Miles gathered evidence from U.S. congressional hearings, sworn statements of detainees and soldiers, medical journal accounts and press reports to build a picture of physician complicity, and in isolated cases active participation by medical personnel in abuse at the Baghdad prison, as well as in Afghanistan and at the Guantanamo Bay detention center in Cuba.
In one example, cited in a sworn statement from an Abu Ghraib detainee, a prisoner collapsed and was apparently unconscious after a beating. Medical staff revived the detainee and left, allowing the abuse to continue, Miles reported.
Depositions from two detainees at Abu Ghraib described an incident in which a doctor allowed a medically untrained guard to sew up a prisoner's wound.
A military police officer reported a medic inserted an intravenous tube into the corpse of a detainee who died while being tortured to create evidence that he was alive at the hospital, Miles said.

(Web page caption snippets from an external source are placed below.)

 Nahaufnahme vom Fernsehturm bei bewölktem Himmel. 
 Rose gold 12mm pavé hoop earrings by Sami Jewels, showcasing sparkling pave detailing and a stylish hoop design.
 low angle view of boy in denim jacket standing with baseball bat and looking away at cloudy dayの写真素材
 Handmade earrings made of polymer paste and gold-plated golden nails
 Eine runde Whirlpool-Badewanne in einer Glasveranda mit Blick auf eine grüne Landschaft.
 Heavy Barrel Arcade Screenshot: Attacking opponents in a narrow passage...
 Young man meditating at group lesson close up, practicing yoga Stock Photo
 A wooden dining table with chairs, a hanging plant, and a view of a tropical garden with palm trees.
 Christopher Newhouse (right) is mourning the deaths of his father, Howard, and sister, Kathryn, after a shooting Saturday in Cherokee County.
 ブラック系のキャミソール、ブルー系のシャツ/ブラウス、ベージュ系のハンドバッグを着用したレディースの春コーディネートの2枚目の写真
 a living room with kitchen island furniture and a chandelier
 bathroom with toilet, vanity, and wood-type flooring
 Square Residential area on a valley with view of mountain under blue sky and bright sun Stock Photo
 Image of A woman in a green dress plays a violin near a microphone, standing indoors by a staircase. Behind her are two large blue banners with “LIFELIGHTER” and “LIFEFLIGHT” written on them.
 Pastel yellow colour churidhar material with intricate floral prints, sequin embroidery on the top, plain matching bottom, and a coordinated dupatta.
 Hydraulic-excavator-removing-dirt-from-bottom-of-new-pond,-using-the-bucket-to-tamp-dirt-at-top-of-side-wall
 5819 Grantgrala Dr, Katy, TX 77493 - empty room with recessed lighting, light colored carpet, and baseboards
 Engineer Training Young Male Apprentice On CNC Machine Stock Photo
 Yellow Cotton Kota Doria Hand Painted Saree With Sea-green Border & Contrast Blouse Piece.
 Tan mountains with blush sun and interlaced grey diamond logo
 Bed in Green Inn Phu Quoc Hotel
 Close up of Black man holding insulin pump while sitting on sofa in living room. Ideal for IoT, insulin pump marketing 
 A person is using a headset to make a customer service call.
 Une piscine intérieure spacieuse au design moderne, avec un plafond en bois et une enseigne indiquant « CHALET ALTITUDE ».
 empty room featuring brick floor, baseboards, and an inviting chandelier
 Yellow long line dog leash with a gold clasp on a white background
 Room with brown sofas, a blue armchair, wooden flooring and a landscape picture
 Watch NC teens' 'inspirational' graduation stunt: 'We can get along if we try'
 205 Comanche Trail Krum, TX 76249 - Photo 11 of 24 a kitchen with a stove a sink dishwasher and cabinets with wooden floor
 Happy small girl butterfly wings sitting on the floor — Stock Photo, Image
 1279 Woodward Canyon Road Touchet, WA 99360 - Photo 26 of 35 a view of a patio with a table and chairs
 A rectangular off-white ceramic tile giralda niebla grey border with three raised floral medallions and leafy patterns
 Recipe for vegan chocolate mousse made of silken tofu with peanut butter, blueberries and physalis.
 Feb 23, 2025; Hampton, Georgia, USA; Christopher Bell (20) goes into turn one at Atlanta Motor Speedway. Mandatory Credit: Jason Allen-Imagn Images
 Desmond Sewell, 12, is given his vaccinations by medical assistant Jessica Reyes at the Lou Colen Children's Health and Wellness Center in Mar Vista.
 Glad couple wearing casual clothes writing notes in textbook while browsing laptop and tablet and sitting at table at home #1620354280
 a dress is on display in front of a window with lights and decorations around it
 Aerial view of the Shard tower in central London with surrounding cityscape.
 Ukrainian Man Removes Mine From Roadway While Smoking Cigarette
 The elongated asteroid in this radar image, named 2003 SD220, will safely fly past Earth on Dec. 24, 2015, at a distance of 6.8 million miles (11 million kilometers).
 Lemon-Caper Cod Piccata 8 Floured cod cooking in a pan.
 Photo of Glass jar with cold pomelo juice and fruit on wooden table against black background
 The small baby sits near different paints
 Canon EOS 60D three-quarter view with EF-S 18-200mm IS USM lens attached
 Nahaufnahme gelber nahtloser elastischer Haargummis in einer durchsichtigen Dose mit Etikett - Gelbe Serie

At prisons in both Iraq and Afghanistan, "Physicians routinely attributed detainee deaths on death certificates to heart attacks, heat stroke or natural causes without noting the unnatural (cause) of the death," Miles wrote.
He cites an example from a Human Rights Watch report in which soldiers tied a beaten detainee to the top of his cell door and gagged him. The death certificate indicated he died of "natural causes ... during his sleep." However, after media coverage, the Pentagon changed the cause of death to homicide by blunt force injuries and suffocation.
The World Medical Association, an umbrella group for national medical associations, reiterated its policy of condemning any doctor's involvement in abuse or torture of detainees.
In an editorial comment, The Lancet condemned the behavior of the doctors, saying that despite dual loyalties, they are doctors first and soldiers second.
"Health care workers should now break their silence," the journal said. "Those who were involved or witnessed ill-treatment need to give a full and accurate account of events at Abu Ghraib and Guantanamo Bay. Those who are still in positions where dual commitments prevent them from putting the rights of their patients above other interests should protest loudly and refuse cooperation with authorities."
Johnson, the Army spokesman, said the U.S. military "will allow no actions that undermine or compromise medical professionals' commitment to caring for the sick and wounded, regardless of who they are or their circumstances."
In his article, Miles dismissed Pentagon officials putting the blame for the abuse on poor training, understaffing, racism, pressure to procure intelligence and the stress of war.
"Fundamentally, however, the stage for these offenses was set by policies that were lax or permissive with regard to human rights abuses, and a military command that was inattentive to human rights," Miles concluded.